Description of the task
Leave the pictures behind and repeat all the entries exactly.
··· Material for this exercise
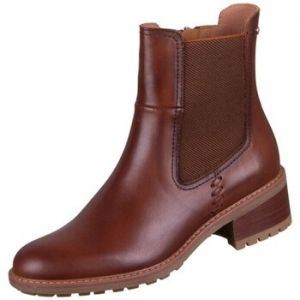 Čižmičky Pikolinos  W0D8792202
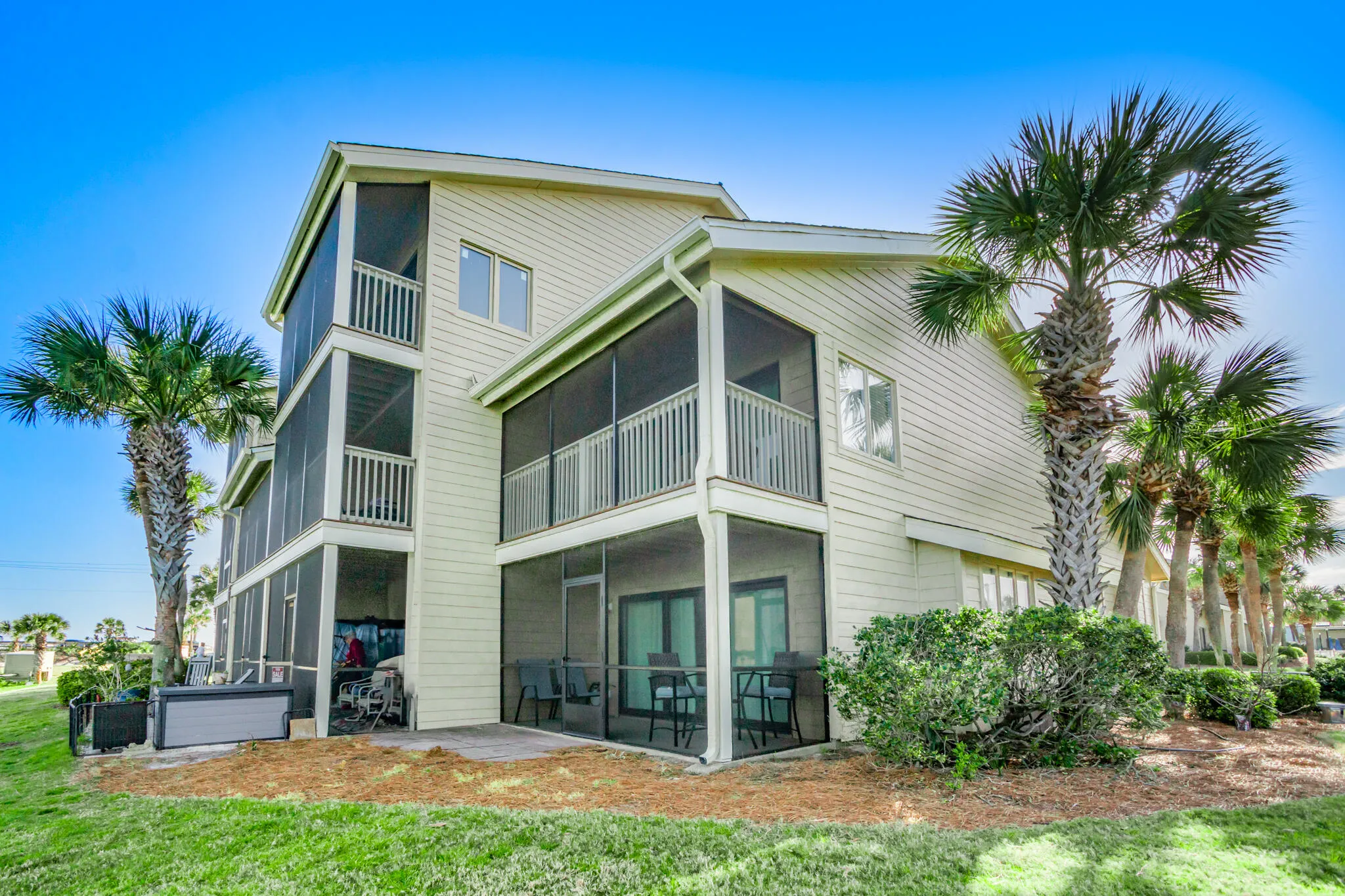 Miramar Beach, Florida 32550, United States, 3 Bedrooms Bedrooms, ,2 BathroomsBathrooms,Residential,Active,147342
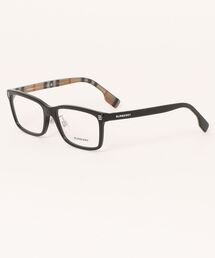 BURBERRY(o[o[)́yBURBERRY/o[o[zXNGA Kl BE2352F 3773(Kl)
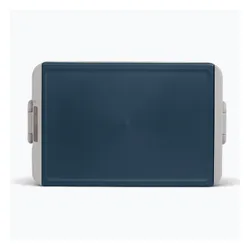 Lodówka kompresorowa Igloo ICF60 59 l blue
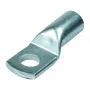 Intercable ICR708 Terminal tubular de cobre 70 mm² M8 estañado serie R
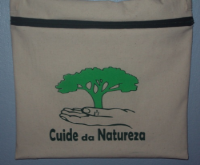 BOLAS, SACOLAS E CAMISAS PARA EVENTOS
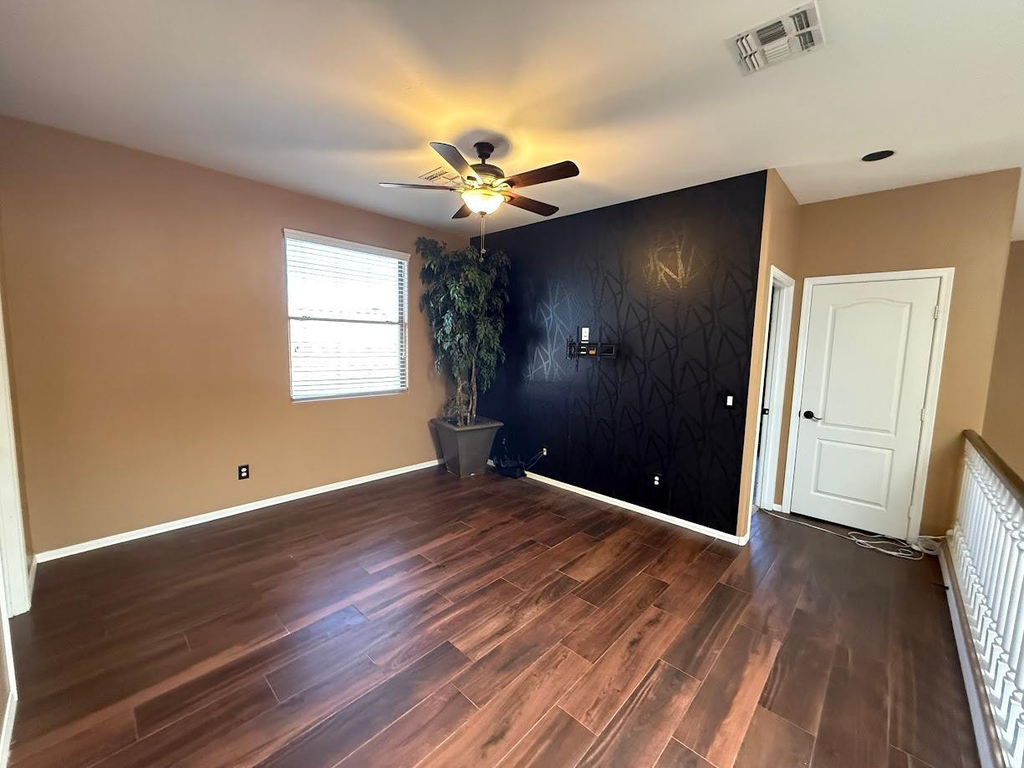 6602 W Molly - Photo 22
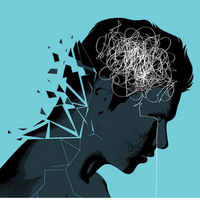 Mind Infestation (@infesting_mind) 's Twitter Profile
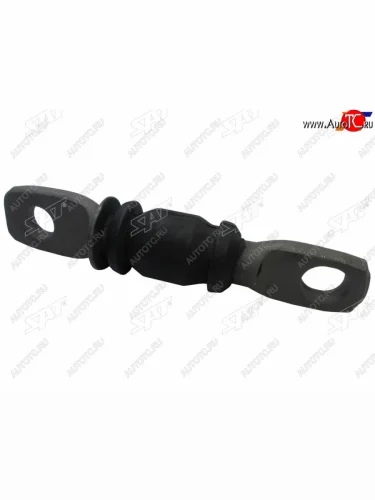 Сайлентблок Toyota Camry (XV70) 17-21  Camry UAEUSA 17-20 SAT ST-15-0020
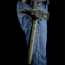 Reapr Battle Hammer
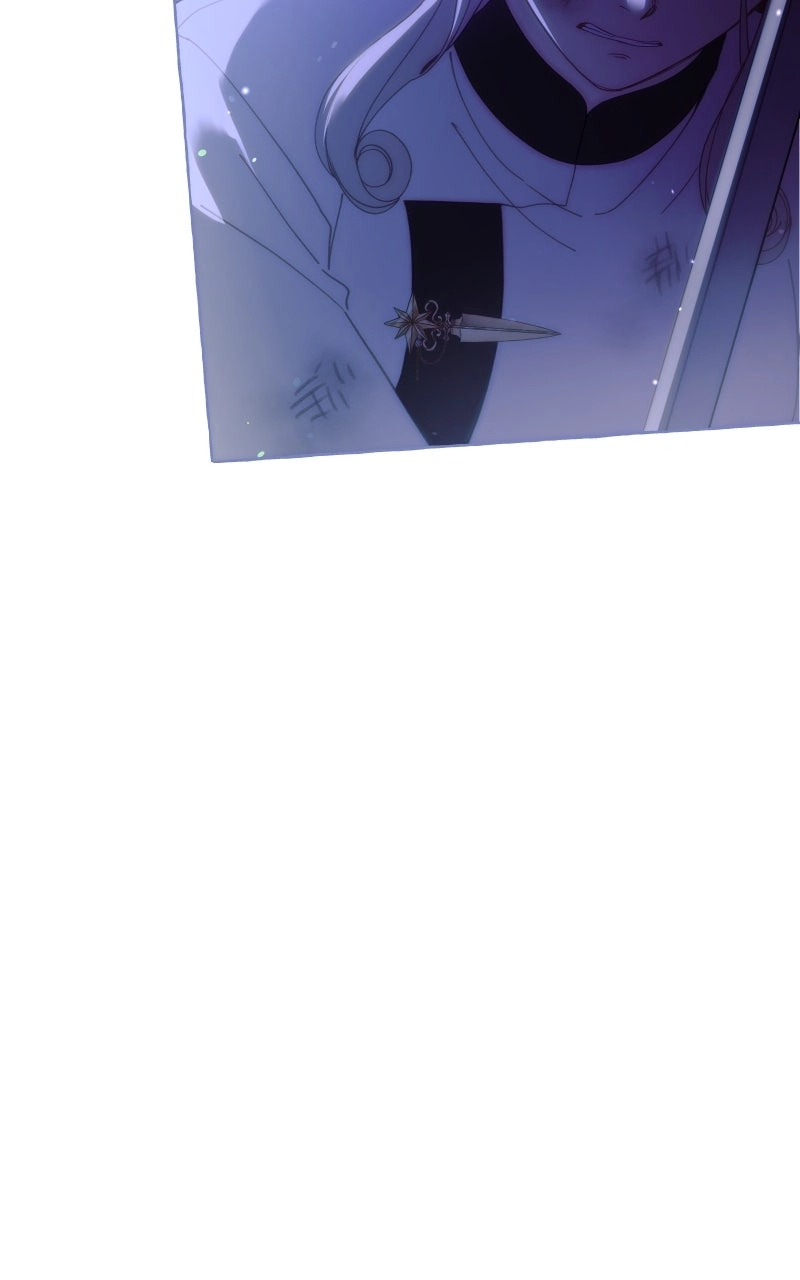 Fake Bonds Chapter 16 page 39 -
······
The answer
 Čižmičky Pikolinos  W0D8792202
 Miramar Beach, Florida 32550, United States, 3 Bedrooms Bedrooms, ,2 BathroomsBathrooms,Residential,Active,147342
 BURBERRY(o[o[)́yBURBERRY/o[o[zXNGA Kl BE2352F 3773(Kl)
 Lodówka kompresorowa Igloo ICF60 59 l blue
 Intercable ICR708 Terminal tubular de cobre 70 mm² M8 estañado serie R
 BOLAS, SACOLAS E CAMISAS PARA EVENTOS
 6602 W Molly - Photo 22
 Mind Infestation (@infesting_mind) 's Twitter Profile
 Сайлентблок Toyota Camry (XV70) 17-21  Camry UAEUSA 17-20 SAT ST-15-0020
 Reapr Battle Hammer
 Fake Bonds Chapter 16 page 39 -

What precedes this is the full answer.